Mais c’est surtout dans le prophète Jérémie que l’Église retrouve le plus volontiers les traits du saint Précurseur, Aussi juge-t-elle convenable de lui faire une large place dans la liturgie du 24 juin. Toute une partie de l’office est remplie de la pensée du prophète dont la voix mystérieuse se fait entendre d’un bout à l’autre du premier nocturne, dans les antiennes et les lectures. Jérémie, qui était lui aussi d’origine sacerdotale, prophétisa Jean-Baptiste par sa propre naissance, car il sortit du sein maternel déjà sanctifié par la grâce divine. Il le préfigura dans tout le reste de sa vie, et plus particulièrement dans le martyre qu’il eut à endurer pour les droits de la justice et de la vérité. Il le représenta en sa propre personne par la gravité de ses traits, la grandeur de son caractère, la noblesse et la simplicité de sa conduite. Il l’annonça jusque dans l’accomplissement de sa mission qui fut d’arracher, détruire, édifier et planter, comme celle de Jean consistera plus tard à aplanir, redresser, combler et préparer les voies du Seigneur. Enfin si Jean-Baptiste devait surpasser tous les prophètes, nous savons bien qu’avant lui, dans l’estime du peuple juif, il n’y eut pas de prophète plus grand que Jérémie.

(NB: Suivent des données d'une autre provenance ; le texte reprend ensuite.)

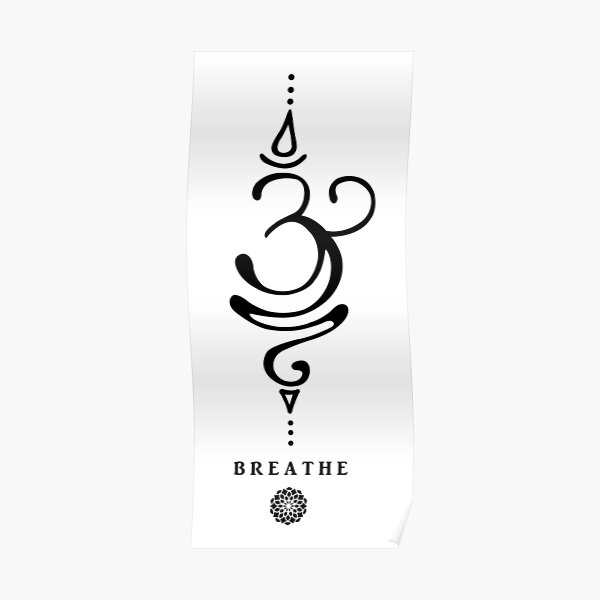Sanskrit Breathe Symbol Poster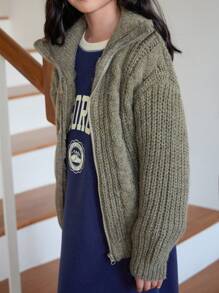DAZY Tween 女童纯色落肩长袖前拉链休闲宽松开衫，秋冬 - 綠色 - 查看 2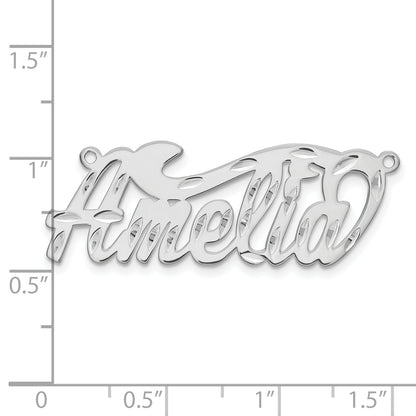 Sterling Silver Silver/Rhodium Plated Diamond Cut Name Plate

Voilà pourquoi nous croyons entendre le Précurseur rendre témoignage de lui-même dans tout ce passage dont l’Église nous donne lecture à l’office de nuit :

La parole du Seigneur me fut ainsi adressée.
« Avant de te former dans le sein de ta mère, je t’ai connu ;
et avant que tu sortisses de ses flancs, je t’ai sanctifié
et je t’ai établi prophète des nations. »
 
Et je dis : « Ah, ah, ah, Seigneur mon Dieu, je ne sais pas
parler, car je suis un enfant. »
 
Et le Seigneur répondit : « Ne dis pas : je suis un enfant,
car tu iras vers tous ceux à qui je t’enverrai,
et tu diras tout ce que je t’ordonnerai.
Ne crains pas de paraître devant eux,
car je suis avec toi pour te délivrer, dit le Seigneur. »
 
Alors le Seigneur étendit la main, me toucha les lèvres, et me dit :
Voici que j’ai mis mes paroles en ta bouche,
voici que je t’établis eu ce jour sur les nations et les royaumes,
pour que tu arraches et que tu détruises,
pour que tu ruines et que tu disperses,
pour que tu bâtisses et que tu plantes.
Alors, ceins-toi les reins et lève-toi,
Et dis-leur tout ce que je t’ordonnerai de dire.
Ne tremble pas en leur présence
car je te donnerai de ne pas craindre leur visage.
Voici qu’en ce jour je t’établis comme une ville forte,
comme une colonne de fer et une muraille d’airain
sur toute la terre,
pour commander aux rois de Juda, à ses princes,
aux prêtres et aux habitants de la terre.
Ils lutteront contre toi, mais ne l’emporteront pas,
car, dit le Seigneur, moi je suis avec toi pour te délivrer [99].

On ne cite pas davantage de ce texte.